The competent authorities of EU Member States can grant exemptions to this prohibition in order to allow certain aviation goods, which are widely used in the medical field, falling under CN codes 8517 71 00, 8517 79 00 and 9026 00 00 (as listed in Part B of Annex XI) to be exported for medical, pharmaceutical and humanitarian purposes.
There is also a wind down period for goods listed in Part C of Annex XI until 16 January 2023 for contracts concluded before 17 December 2022.
The exemption which applies to the import ban on steel products into the EU that originate in Russia or have been exported from Russia, has been slightly amended (Art 3g).
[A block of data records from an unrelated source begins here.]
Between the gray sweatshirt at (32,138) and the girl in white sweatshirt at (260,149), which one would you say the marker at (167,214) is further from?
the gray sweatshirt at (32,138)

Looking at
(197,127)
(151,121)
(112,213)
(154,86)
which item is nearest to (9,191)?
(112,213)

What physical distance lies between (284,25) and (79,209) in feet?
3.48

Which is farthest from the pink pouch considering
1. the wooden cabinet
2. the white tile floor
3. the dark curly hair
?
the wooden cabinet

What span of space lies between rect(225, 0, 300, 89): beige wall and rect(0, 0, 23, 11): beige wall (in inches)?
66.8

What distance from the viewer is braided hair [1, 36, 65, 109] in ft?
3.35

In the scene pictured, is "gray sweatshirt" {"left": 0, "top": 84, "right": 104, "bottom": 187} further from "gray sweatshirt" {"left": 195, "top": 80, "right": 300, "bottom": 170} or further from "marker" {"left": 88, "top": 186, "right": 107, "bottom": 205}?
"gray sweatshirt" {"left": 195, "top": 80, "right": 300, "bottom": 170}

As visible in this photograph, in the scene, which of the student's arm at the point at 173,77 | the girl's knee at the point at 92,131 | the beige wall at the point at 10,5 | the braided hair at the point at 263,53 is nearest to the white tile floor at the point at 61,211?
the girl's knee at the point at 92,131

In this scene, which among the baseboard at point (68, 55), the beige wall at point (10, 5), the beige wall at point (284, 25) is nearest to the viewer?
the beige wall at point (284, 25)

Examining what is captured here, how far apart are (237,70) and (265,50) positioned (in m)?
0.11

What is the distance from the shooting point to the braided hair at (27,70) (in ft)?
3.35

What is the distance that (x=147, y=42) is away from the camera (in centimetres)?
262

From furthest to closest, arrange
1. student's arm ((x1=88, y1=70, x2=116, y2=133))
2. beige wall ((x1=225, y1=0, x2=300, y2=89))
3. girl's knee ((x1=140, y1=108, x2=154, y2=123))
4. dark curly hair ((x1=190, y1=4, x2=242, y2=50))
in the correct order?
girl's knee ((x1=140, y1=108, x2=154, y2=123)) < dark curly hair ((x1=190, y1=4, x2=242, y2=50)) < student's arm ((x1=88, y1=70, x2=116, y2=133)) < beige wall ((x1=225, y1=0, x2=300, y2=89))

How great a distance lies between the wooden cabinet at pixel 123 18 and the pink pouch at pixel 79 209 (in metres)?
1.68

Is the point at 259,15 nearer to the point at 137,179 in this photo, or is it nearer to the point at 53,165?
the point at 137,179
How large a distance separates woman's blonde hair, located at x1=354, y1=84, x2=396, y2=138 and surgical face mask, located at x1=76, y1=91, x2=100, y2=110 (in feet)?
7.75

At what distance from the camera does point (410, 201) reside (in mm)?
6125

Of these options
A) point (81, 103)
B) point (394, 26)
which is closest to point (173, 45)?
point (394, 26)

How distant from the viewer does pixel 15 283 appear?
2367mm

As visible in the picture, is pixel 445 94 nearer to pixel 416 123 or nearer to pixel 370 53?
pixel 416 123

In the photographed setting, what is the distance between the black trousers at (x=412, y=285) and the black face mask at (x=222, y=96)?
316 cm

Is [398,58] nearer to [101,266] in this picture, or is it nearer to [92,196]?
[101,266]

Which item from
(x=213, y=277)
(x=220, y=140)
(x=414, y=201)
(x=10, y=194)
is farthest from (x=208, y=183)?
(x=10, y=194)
It is already prohibited to import steel products into the EU (which includes the provision of (re)insurance) which have been processed in third countries using steel originating from Russia (as listed in Annex XVII) from 30 September 2023. With regards to products falling under CN code 7224 90, this prohibition now applies from 1 October 2024.
An exemption also applies whereby the import or transport of goods falling under CN code 7224 90 is permitted up to a quota of 147,007 metric tonnes (MT) between 17 December 2022 and 31 December 2023 and up to 110,255 MT between 1 January 2024 and 30 September 2024.
Other key products
It is already prohibited to transport goods and technology (as listed in Annex XXI) into the EU that generate significant revenues for Russia (Art 3i), which includes the provision of (re)insurance. A wind-down period applies to products listed in Part B of Annex XXI until 8 January 2023 for contracts concluded before 7 October 2022. A further wind down period now applies with regards to goods falling under CN code 2905 11 (methanol) as listed in Part B of Annex XXI until 18 June 2023 for contracts concluded before 7 October 2022.
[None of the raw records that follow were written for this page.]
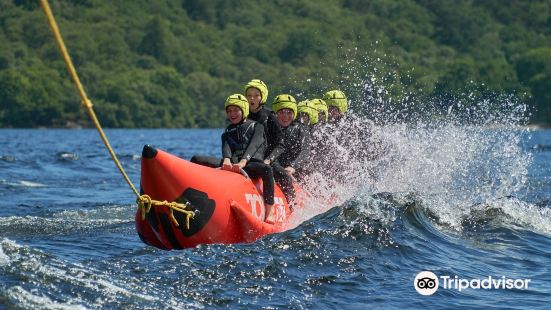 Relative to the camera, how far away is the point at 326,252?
9617 millimetres

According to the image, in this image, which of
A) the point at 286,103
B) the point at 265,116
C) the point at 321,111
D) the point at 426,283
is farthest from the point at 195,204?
the point at 321,111

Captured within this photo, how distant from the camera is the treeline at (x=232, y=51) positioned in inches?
3334

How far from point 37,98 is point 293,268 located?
79.0m

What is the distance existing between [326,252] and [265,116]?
9.23ft

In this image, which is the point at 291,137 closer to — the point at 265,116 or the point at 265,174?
the point at 265,116

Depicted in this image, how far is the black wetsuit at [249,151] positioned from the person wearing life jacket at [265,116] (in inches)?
22.7

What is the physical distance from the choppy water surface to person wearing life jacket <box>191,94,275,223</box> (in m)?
0.60

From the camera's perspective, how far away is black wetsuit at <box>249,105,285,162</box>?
12.0m

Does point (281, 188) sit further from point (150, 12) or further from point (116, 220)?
point (150, 12)

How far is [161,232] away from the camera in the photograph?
31.7ft

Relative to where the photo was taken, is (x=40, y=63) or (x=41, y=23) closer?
(x=40, y=63)

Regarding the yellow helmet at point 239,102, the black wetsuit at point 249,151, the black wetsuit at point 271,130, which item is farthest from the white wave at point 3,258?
the black wetsuit at point 271,130

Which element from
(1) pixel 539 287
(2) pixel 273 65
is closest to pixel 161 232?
(1) pixel 539 287

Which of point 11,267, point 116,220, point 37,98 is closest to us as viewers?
point 11,267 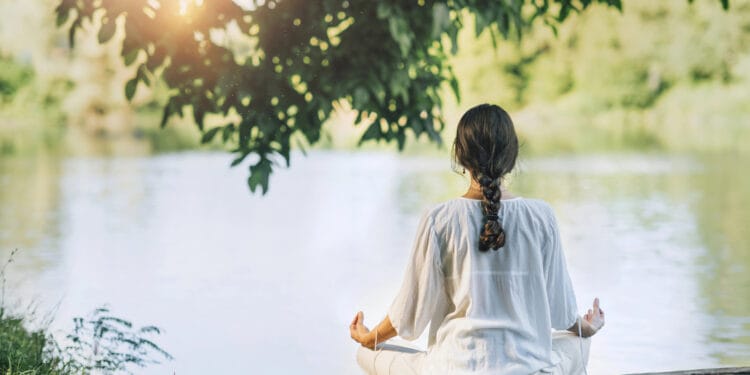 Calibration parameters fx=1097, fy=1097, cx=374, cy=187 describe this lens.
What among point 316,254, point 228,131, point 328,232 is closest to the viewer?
point 228,131

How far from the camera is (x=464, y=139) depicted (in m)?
2.54

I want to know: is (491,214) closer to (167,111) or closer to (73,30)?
(167,111)

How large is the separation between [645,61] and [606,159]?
64.3 ft

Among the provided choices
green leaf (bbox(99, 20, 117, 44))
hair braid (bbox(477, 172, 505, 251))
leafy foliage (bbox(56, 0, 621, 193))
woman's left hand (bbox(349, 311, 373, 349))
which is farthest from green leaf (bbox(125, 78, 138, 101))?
hair braid (bbox(477, 172, 505, 251))

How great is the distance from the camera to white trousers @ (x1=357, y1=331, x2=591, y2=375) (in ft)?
8.77

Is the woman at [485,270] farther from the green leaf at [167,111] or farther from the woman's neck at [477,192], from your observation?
the green leaf at [167,111]

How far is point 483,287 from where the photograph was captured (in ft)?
8.36

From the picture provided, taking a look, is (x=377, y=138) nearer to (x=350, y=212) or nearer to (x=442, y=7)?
(x=442, y=7)

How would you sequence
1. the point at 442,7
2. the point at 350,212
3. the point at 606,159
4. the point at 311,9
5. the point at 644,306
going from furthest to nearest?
1. the point at 606,159
2. the point at 350,212
3. the point at 644,306
4. the point at 311,9
5. the point at 442,7

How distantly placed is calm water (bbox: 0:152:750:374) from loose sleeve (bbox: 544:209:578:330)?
11.2 ft

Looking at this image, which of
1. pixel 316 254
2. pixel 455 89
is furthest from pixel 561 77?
pixel 455 89

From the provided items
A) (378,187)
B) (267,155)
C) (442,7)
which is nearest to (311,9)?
(267,155)

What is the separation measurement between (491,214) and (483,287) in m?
0.18

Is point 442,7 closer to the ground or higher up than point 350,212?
higher up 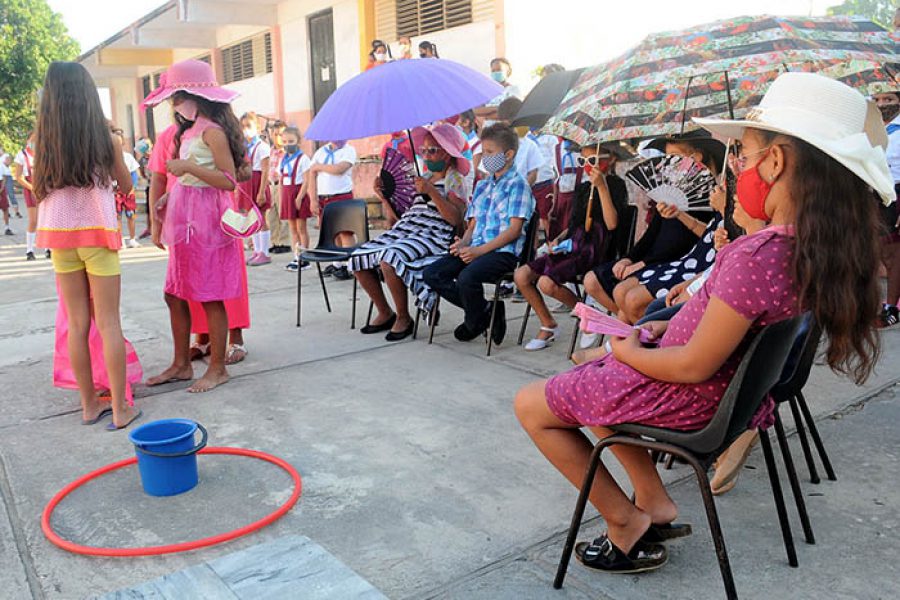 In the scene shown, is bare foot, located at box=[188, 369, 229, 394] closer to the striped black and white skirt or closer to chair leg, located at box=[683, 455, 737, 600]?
the striped black and white skirt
New export restrictions have been imposed on goods which could contribute to the enhancement of Russian industrial capacities (Art 3k) (which includes the provision of (re)insurance). This includes such items as generators, toy drones, laptops, hard drives, IT components, night-vision and radio-navigation equipment, cameras and lenses. A wind-down period applies with regards to goods falling under CN codes 2701, 2702, 2703 and 2704 as listed in Part A of Annex XXIII, until 8 January 2023 for contracts concluded before 7 October 2022. A separate wind-down period applies with regards to goods listed in Part B of Annex XXIII, until 16 January 2023 for contracts concluded before 17 December 2022.
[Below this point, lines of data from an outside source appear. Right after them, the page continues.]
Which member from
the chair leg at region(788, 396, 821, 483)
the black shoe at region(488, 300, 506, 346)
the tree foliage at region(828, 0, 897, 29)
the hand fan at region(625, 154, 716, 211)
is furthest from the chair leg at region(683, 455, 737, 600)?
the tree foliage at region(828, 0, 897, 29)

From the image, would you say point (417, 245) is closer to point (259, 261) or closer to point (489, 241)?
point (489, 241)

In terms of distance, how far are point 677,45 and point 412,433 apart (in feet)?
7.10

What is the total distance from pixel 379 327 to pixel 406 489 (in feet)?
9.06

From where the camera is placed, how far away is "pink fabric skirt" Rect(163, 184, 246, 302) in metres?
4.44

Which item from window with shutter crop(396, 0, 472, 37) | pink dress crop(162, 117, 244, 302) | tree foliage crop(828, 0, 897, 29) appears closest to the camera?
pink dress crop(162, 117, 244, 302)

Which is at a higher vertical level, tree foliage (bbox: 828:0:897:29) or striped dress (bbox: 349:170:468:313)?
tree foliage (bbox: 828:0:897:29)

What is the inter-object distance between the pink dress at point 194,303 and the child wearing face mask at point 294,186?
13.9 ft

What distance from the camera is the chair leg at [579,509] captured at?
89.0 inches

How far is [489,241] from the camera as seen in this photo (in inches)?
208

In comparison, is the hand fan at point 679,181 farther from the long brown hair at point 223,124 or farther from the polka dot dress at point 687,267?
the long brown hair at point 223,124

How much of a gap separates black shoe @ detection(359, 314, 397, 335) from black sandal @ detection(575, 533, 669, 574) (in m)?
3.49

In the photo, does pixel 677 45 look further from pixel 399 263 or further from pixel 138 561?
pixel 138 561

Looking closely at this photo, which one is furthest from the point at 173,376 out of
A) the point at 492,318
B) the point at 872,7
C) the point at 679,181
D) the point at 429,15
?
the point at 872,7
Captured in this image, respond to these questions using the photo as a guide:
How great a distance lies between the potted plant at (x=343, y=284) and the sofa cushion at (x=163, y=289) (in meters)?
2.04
It is not prohibited under EU sanctions to transport Russian liquified natural gas (LNG). However, a reporting obligation has been introduced (Art 3m and Art 3n) to ensure that restricted natural gas condensate products are not transported into the EU or to third countries. EU companies are required to inform the competent authority of the EU Member State where they are located of the import or transport into the EU or to third-countries, of natural gas condensates falling under CN code 2709 00 10 from LNG production plants, originating in or exported from Russia.
The existing prohibition targeting new investments in the Russian energy sector (Art 3a) has been extended by prohibiting new investments in the Russian mining sector, with the exception of mining and quarrying activities involving certain critical raw materials.
Two Russian banks have been added to the EU sanctions list, the Bank of Moscow and Dalnevostochniy Bank. The Russian Regional Development Bank has been added to the list of Russian State-owned or controlled entities (Art 5aa) that are subject to a full transaction ban.